The first organization using this name was founded in St. Petersburg in 1870 by L. I. Kornilova, Serdyukov, L. V. Sinegubov, and Vera Figner, and aided arrested Narodniki.

In 1881 the Red Cross Society of the People's Will was founded by Yuri Bogdanovich of the People's Will movement.

In the late 1890s the Society for Political Exiles and Prisoners was active in St. Petersburg. The society received funding for its activities from charity concerts, literary readings, fundraising events, and voluntary donations from the intelligentsia.

After the defeat of the 1905 Russian Revolution, assistance to prisoners was offered through a political prisoner's bureau of the St. Petersburg organization of the Political Red Cross, chaired by T. A. Bogdanovich with E. Benoit as treasurer. The Prisoner's Commission was composed of prisoners, deportees, and their families, who also organized escapes.

One of the most active organization in the 1910s was a group assisting political prisoners held in the Shlisselburg Fortress, directed by M. L. Lihtenshtadt, A. A. Aristov, A. Y. Brushteyn, E. V. Pozner, and others.

After the February Revolution, the Political Red Cross aided in the release and repatriation of prisoners and political exiles and created the Society for Released Politicals.

In 1918 the Moscow Committee of the Political Red Cross was created by Nikolai Muravyov, Catherine Peshkova, and M. L. Vinaver.

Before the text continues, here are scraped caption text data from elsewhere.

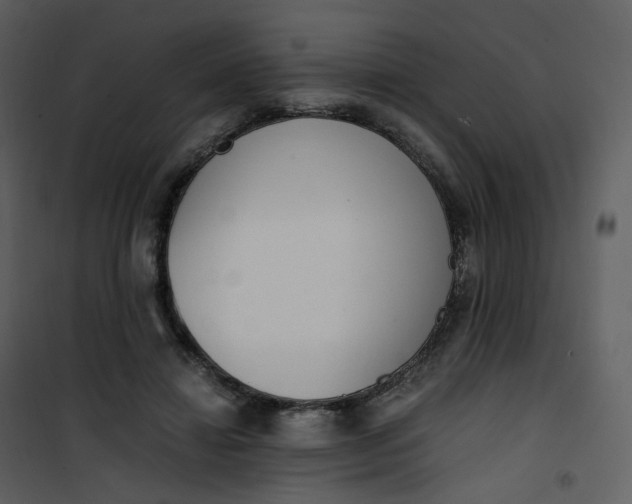 X0000101190452200807181515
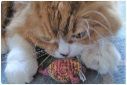 f:id:rue_rouelle39:20210320234241j:plain
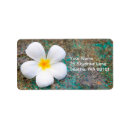 Search for plumerias return address labels Flower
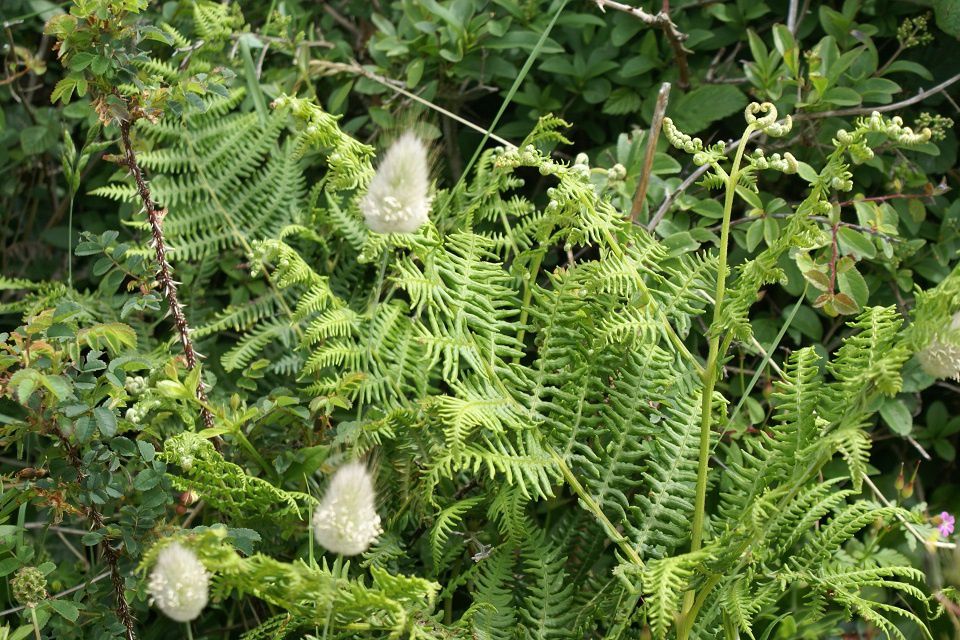 La fougère en habit d’impatience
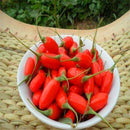 Egrow 100 Pcs/Pack Wolfberry Seeds Outdoor Wolfberry Organic Heirloom Fruit For Garden DIY Lycium Chinense Herb Plant Medlar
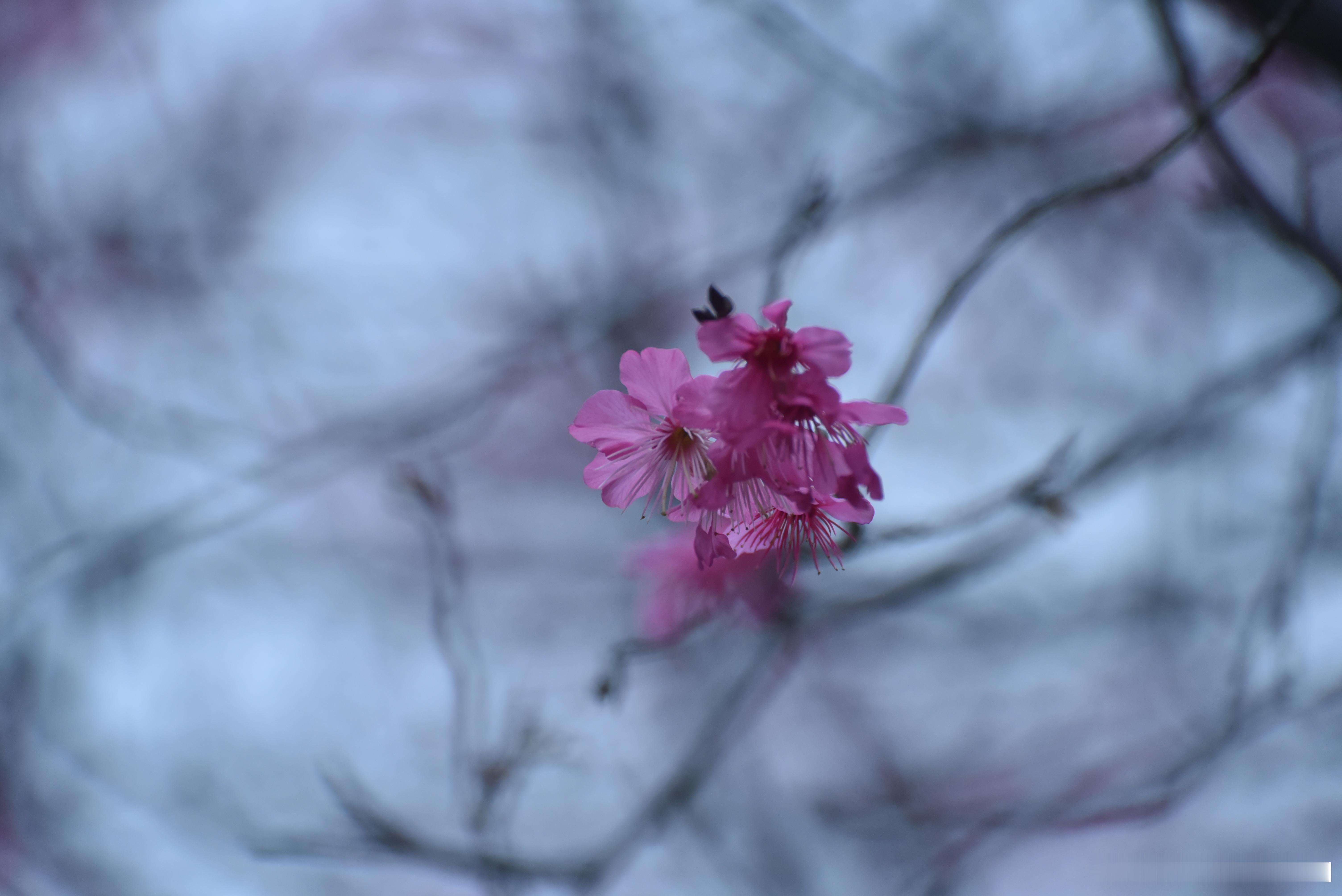 摄影技巧[超话]  烂漫花枝 寒绯樱 钟花樱桃花 金钟湖公园 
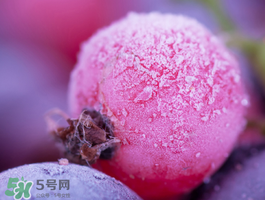 藍(lán)莓變紅可以吃嗎？藍(lán)莓發(fā)紅是壞掉了嘛？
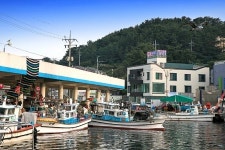 삼척 인드라망펜션, 장호항 인근 추천 여행 코스 소개 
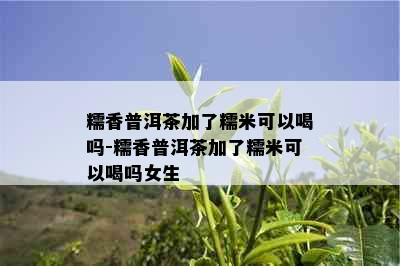 糯香普洱茶加了糯米可以喝吗-糯香普洱茶加了糯米可以喝吗女生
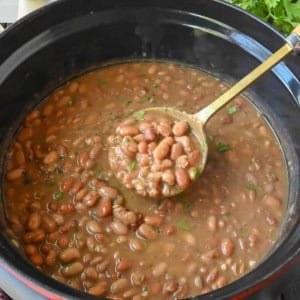Using a spoon to stir a crock pot of pinto beans.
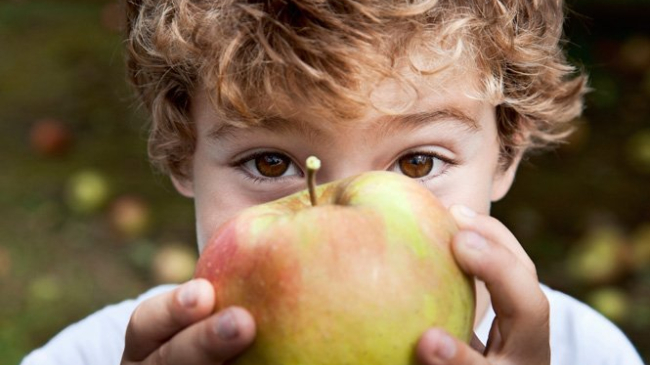 16 незаменимых продуктов, которые помогут школьнику!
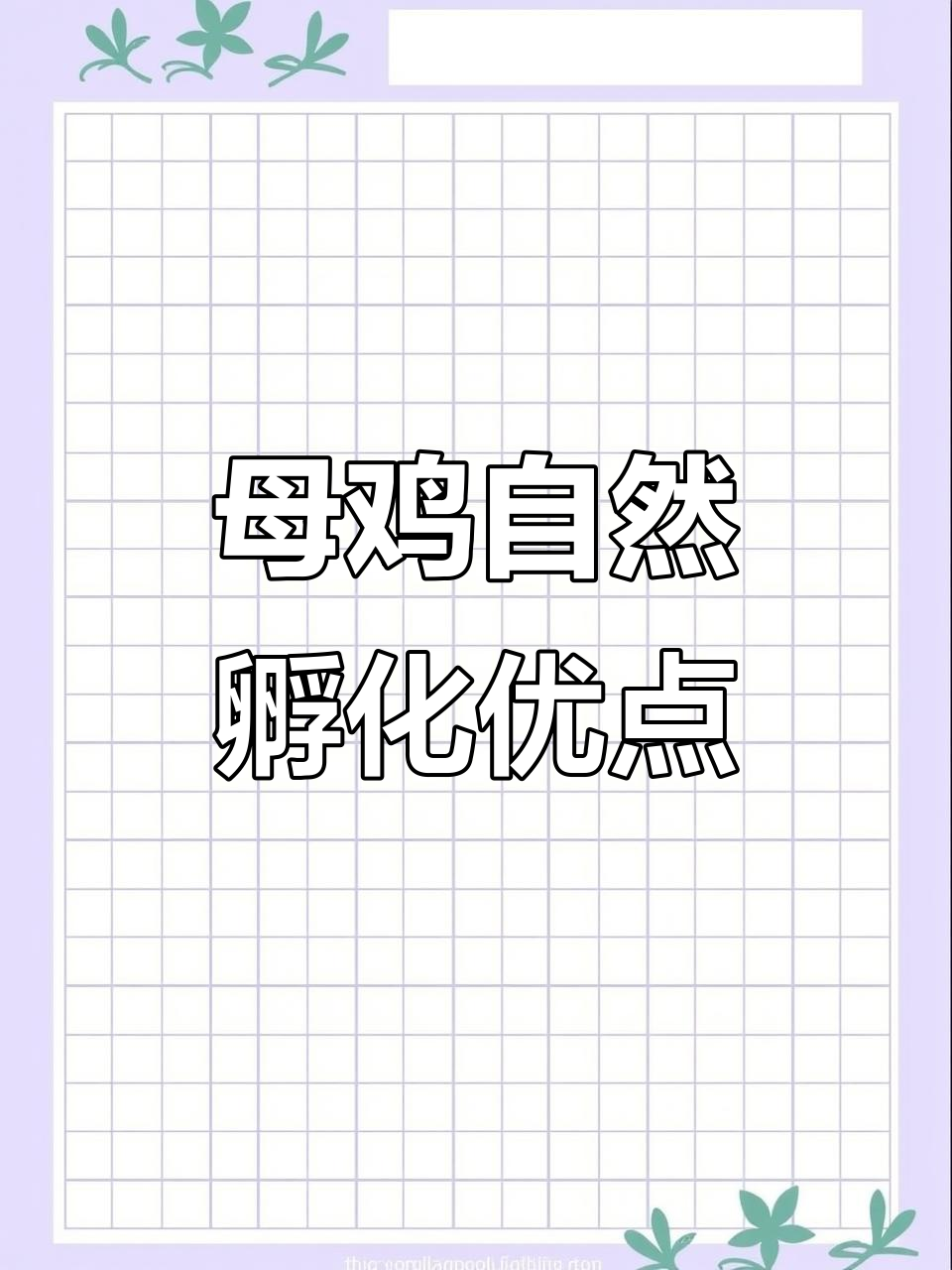 母鸡孵小鸡的三大优势,散养土鸡更健康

This organization was legitimized by I. Steinberg, People's Commissar of Justice of the Russian Soviet Republic. After 1922 the organization was named Political Prisoner's Relief (with shortened versions of this name in common use - «Помполит», «Политпомощь»: "Pompolit", "Politpomosch"). This organization aided relatives of those arrested by making inquiries about where the prisoners were held, providing them with material assistance, and petitioning the authorities for their release. The organization was located on Kuznetsky Most Street near the OGPU headquarters.

The Leningrad section of the Political Red Cross existed until 1937, when V. P. Gartman was arrested and shot and the section ceased to exist.

Formally the Political Red Cross continued to exist until 15 July 1938.